Blair's case for war

Like millions of others, I went to a peace rally yesterday. There were about 50 000 people in Brisbane*. I think it’s clear that the case for an immediate war aimed at getting rid of Saddam’s weapons of mass destruction has not convinced the majority of Australians. That could change, given new evidence, but it’s clearly going to take a lot more than we have seen so far.

[* Crowd estimates are always tricky. The march took about an hour to pass any given point. Assuming 15 people per second passed each point (the marchers were about 15 abreast) that would make 3600*15= 54 000.]

Faced with similar protests in Britain, Blair switched to the moral case that has been his primary motivation all along – that Saddam is an evil dictator who has caused immense suffering in a sequence of wars and that his overthrow would be a blessing. This is a strong case, but it implies a totally different approach than that adopted over the last year.

A starting point would be an admission by the US government that it actively assisted or passively encouraged Saddam in the commission of his worst single crime – the war of aggression he launched against Iran, in which he made extensive use of chemical weapons. When Blair correctly says that Saddam’s wars have killed more people than were marching in London, he should be remined of this. I don’t say that the past crimes of the US government mean that it should not do anything about Saddam now, but an open declaration of the US role and an apology for US complicity are necessary if the moral case against Saddam is to have any standing.

The second requirement is for some sort of just basis for asserting that a particular leader is a criminal who deserves to be overthrown. We have such a basis in the International Criminal Court, in which Britain is a participant. Blair should demand that Saddam be tried before this court. Of course, a precondition is that the US should drop its own objections.

Third, there is the problem of equal justice.The moral case against Saddam is compromised by US complicity in the occupation of Palestine. If Bush were to demand acceptance by both sides in this dispute of a peace plan similar to that put up by Clinton and back his demand by a threat of sanctions and a willingness to enforce an agreed peace, the moral case against Saddam would be lot stronger.

Finally, there is the problem of multiple agendas. A moral case for war can be made only by forgoing all attempts at seeking strategic or economic side-benefits. Yet many (most) of the US commentators supporting war are pointing to such benefits as a primary or secondary motivation. A moral case would require a clear commitment not to use Iraqi oil to the benefit of the US, not to use Iraqi territory as a base for further military action, not to make side deals with countries like Turkey etc. So far none of this has been forthcoming.

To summarise, a moral case for war requires clean hands. Arguably Blair has clean hands on this issue. Bush certainly does not.

Update Ken Parish responds, missing the point pretty thoroughly in my view. I’m not claiming that the moral case for war is the only possible one. War can be justified as a defensive response to aggression. In fact, the interpetation of international law prevailing until very recently suggested that this is the only justifiable ground for war. In this case, the considerations I’ve set out above are largely irrelevant.

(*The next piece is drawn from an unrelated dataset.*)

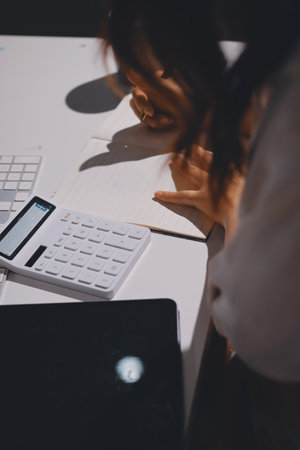 Expert woman asian female people review data number costing managerial account prepare monthly actual cost variance report at tax audit office. ESG sheet budget control ERP process service project.の写真素材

A second possible case for war has arisen recently, namely that clear and direct defiance of the UN could justify military actions to enforce its resolutions. Since this case lowers the bar for war substantially, it requires convincing evidence. At the moment, the evidence hasn’t been enough to convince anyone who wasn’t already committed to war. In particular, only a handful of members of the UNSC accept it. This could change, for example, if Saddam refuses to destroy missiles, but the need for a clear case can’t be brushed aside on the basis that the US wants to fight before the weather gets too hot.

The claim that there is a moral case for war is quite different to either of the two considered previously. This claim is that war can be justified simply on the basis that the government to be overthrown is a bad one. I’m sympathetic to this claim in principle, but it’s obviously an idea that needs to be handled with extreme care. It must require more than a decision by one government that some other government ought to be overthrown. That’s why I suggested a range of considerations that would apply in this case, broadly summed up as the need for ‘clean hands’.

Ken argues that all of these conditions are totally unrealistic. I’d argue on the contrary that few of them would be particularly problematic for Blair. He’s joined the ICC, supports pressure on Israel for a peace with the Palestinians, does not appear to be seeking strategic or commercial advantage and so on.

Ken argues for a consequentialist justification of war, namely that it is justified whenever the anticipated benefits outweigh the costs. Although he covers himself with the caveat ‘That sort of exercise is not without its own difficulties when many of the consequences can’t easily be measured with precision in advance’ he doesn’t ask who is to make the judgement. The implicit answer is that the government that decides to go to war should make it. I’d suggest that, given this answer, every war in history would pass Ken’s test.